* TASK TO CARRY OUT *
If a line in the entries below holds the string "Dress", copy it.

* AVAILABLE DATA *
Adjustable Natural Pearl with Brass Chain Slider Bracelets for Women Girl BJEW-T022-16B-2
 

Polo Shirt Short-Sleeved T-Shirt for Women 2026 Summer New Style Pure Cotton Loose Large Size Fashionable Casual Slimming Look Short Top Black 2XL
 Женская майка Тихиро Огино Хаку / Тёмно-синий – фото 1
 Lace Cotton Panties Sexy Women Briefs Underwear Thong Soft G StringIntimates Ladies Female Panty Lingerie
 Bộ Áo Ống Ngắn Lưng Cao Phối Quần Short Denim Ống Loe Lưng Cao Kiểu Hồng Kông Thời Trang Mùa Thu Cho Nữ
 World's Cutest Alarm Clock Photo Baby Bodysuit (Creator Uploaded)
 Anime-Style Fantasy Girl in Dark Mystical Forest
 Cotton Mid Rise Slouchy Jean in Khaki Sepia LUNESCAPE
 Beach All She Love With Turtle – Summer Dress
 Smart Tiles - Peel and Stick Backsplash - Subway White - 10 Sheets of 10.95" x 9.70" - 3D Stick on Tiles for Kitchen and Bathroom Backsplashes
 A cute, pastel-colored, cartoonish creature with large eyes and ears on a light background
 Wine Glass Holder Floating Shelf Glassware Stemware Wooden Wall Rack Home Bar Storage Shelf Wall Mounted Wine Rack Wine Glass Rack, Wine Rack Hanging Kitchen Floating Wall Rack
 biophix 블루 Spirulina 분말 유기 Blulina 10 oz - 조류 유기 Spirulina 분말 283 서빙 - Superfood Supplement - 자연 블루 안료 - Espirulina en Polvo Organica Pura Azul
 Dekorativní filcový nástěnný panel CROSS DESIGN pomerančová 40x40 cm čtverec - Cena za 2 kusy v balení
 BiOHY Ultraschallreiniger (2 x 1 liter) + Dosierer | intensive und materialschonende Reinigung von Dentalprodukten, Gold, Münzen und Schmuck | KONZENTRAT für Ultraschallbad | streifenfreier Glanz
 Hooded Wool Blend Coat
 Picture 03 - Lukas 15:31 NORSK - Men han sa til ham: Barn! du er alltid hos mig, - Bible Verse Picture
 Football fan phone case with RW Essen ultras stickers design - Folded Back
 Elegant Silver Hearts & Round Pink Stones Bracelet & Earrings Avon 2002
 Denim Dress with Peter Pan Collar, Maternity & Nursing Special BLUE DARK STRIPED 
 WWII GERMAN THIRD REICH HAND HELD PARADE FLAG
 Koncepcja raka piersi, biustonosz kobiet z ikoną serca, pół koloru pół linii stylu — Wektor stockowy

* RESPONSE BOX *
 Beach All She Love With Turtle – Summer Dress
 Denim Dress with Peter Pan Collar, Maternity & Nursing Special BLUE DARK STRIPED 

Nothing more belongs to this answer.